X-ray photoelectron spectroscopy study of the skutterudites LaFe4Sb12, CeFe4Sb12, CoSb3, and CoP3

Abstract

The electronic structure of the skutterudites $\mathrm{Co}{\mathrm{Sb}}_3$, $\mathrm{Co}{\mathrm{P}}_3$, $\mathrm{La}{\mathrm{Fe}}_4{\mathrm{Sb}}_{12}$, and $\mathrm{Ce}{\mathrm{Fe}}_4{\mathrm{Sb}}_{12}$ has been investigated with x-ray photoelectron spectroscopy. The binding energies in the pnicogen and transition metal $2p$ spectra are shifted to reflect changes in the bonding character of these compounds. The asymmetric line shapes in the metal $2p$ spectra signal electronic delocalization. A plasmon loss satellite peak occurs in the Co $2p$ spectra of $\mathrm{Co}{\mathrm{Sb}}_3$ and $\mathrm{Co}{\mathrm{P}}_3$. The intensity of this peak in these and other Co-containing compounds increases with greater occupancy of the Co $3d$ band. The presence of trivalent rare earth was confirmed from the La and Ce $3d$ spectra, both of which contain shake-up satellite peaks. A second satellite peak, attributable to two-core-hole processes, also appears in the La $3d$ spectrum of $\mathrm{La}{\mathrm{Fe}}_4{\mathrm{Sb}}_{12}$ but not in $\mathrm{La}{\mathrm{Fe}}_4{\mathrm{P}}_{12}$, indicating the involvement of La-Sb covalent bonding and the population of La $4f$ conduction states in the former. This peak is absent in the Ce $3d$ spectrum of $\mathrm{Ce}{\mathrm{Fe}}_4{\mathrm{Sb}}_{12}$ because a $4f^1$ state is located below the Fermi edge.
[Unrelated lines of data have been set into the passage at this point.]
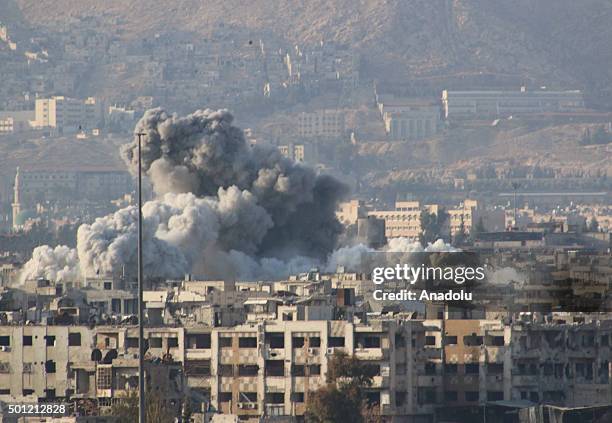 Smoke rises after the war crafts belonging to the Russian Army carried out airstrikes on opposition-controlled Douma district of eastern Ghouta,...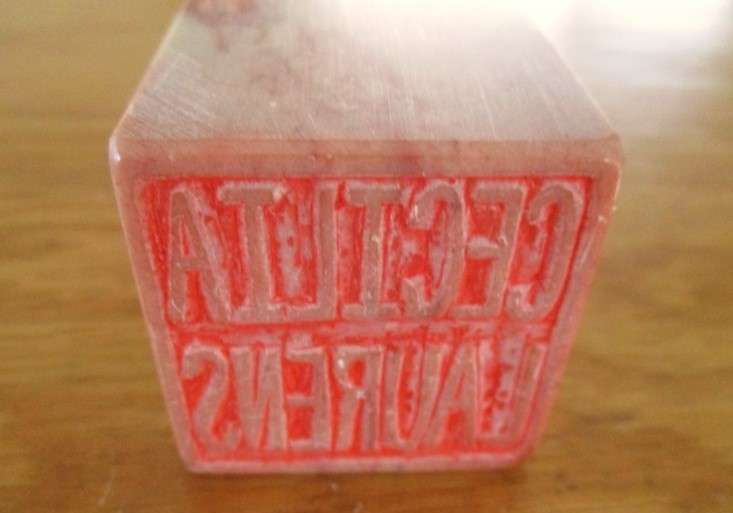 A Chinese seal carved from stone (Rose Agate?) - intricately carved Foo dogs/lions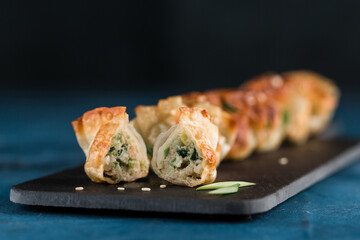 Fried dumplings with pork and greens on a black graphite board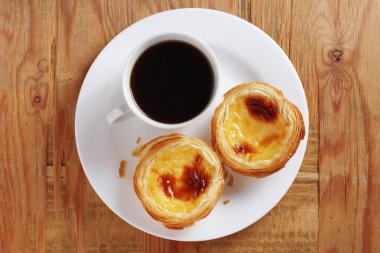 Tipik Portekiz pastel de nata yumurtası turtası. Eski ahşap arka planda bir tabakta bir fincan kahve, üst manzara.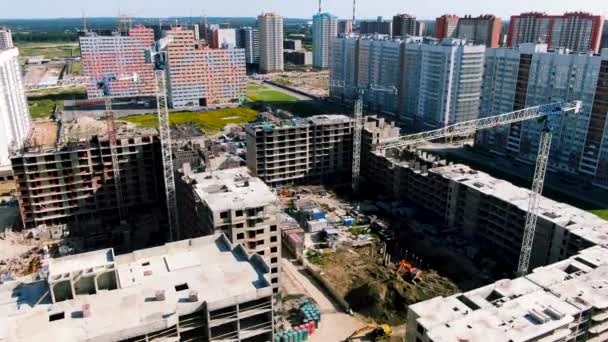 Zicht vanuit de lucht op flatgebouwen op bouwplaats met vier werkkranen. Beweging. Het proces van de ontwikkeling van nieuwe stadsdelen en huizen in aanbouw. — Stockvideo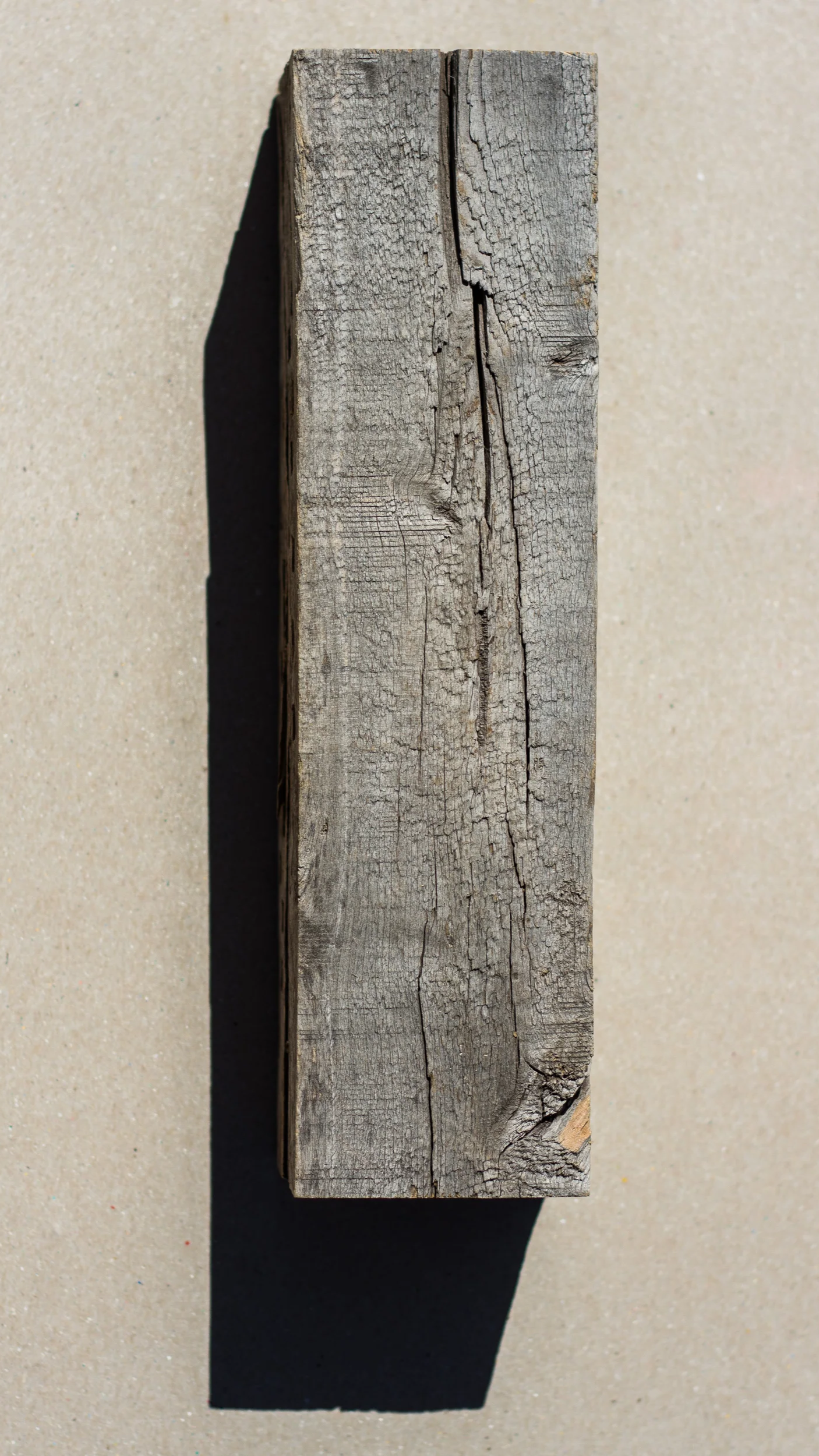A weathered, rectangular piece of wood with visible cracks and grain, casting a shadow on a beige sandy background.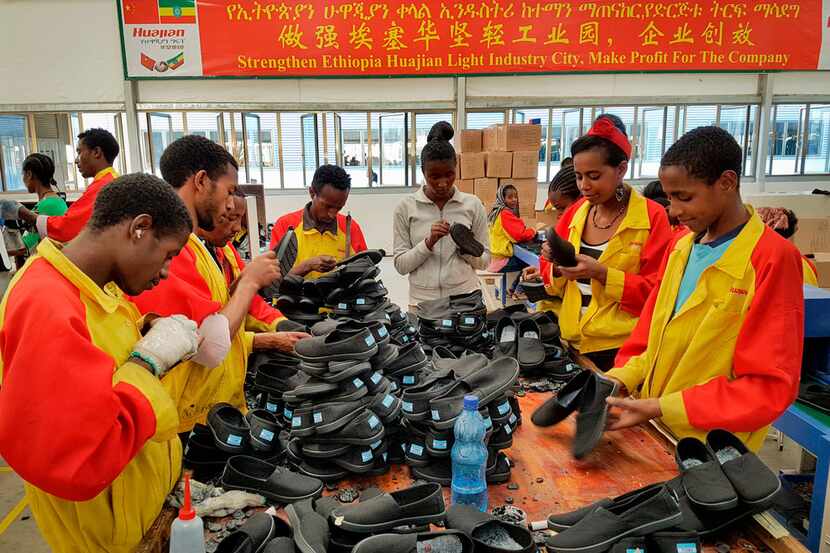 In this January photo,  Ethiopian factory workers sort through shoes at the Chinese company...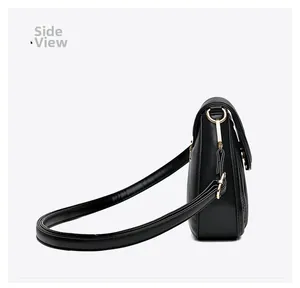 Side view of black quilted PU leather shoulder bag with golden D-ring and V-stitch detail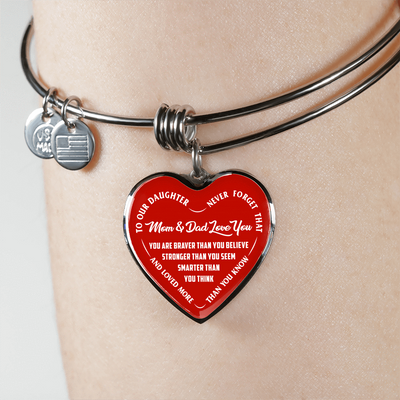 TO OUR DAUGHTER, YOU ARE BRAVER, MOM & DAD LOVE YOU - GOLD AND SILVER FINISHED HEART SHAPED BANGLE BRACELET (WHITE TEXT ON RED)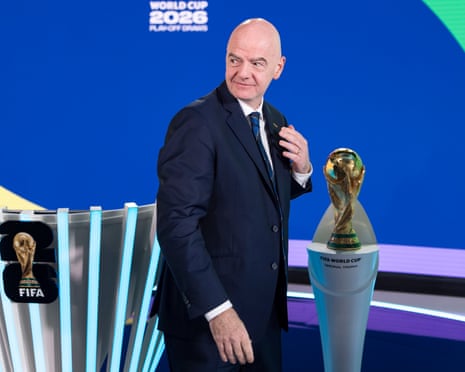 Fifa president Gianni Infantino stands next to the World Cup
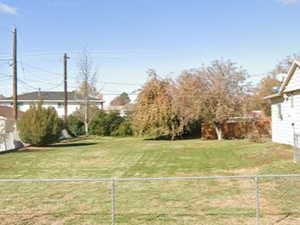 Fenced backyard with a garage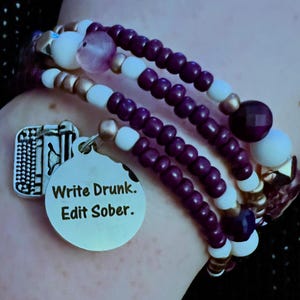 Könnte beinhalten: Mehrsträngiges Armband mit lila, weißen und goldenen Perlen. Ein silberner Anhänger mit dem Text "Write Drunk. Edit Sober." hängt am Armband. Das Armband wird am Handgelenk getragen.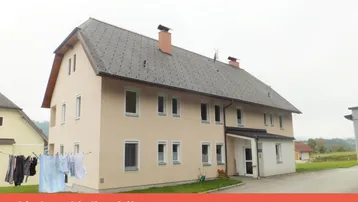 Mehrfamilienhaus mit heller Fassade und Satteldach in ländlicher Umgebung, umgeben von Grünflächen.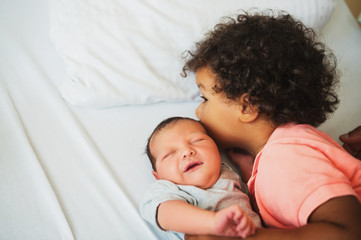 First meeting of adorable african toddler boy and his newborn brother in a prenatal hospital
Fitting of the valence band spectra for all four compounds led to the formulations $\left({\mathrm{Co}}^{3+}\right){\left(P{n}^{1-}\right)}_3$ and $\left(R^{3+}\right){\left({\mathrm{Fe}}^{2+}\right)}_4{\left({\mathrm{Sb}}^{1-}\right)}_{12}$, with the electron deficiency in the rare-earth containing compounds being represented by a hole in the valence band.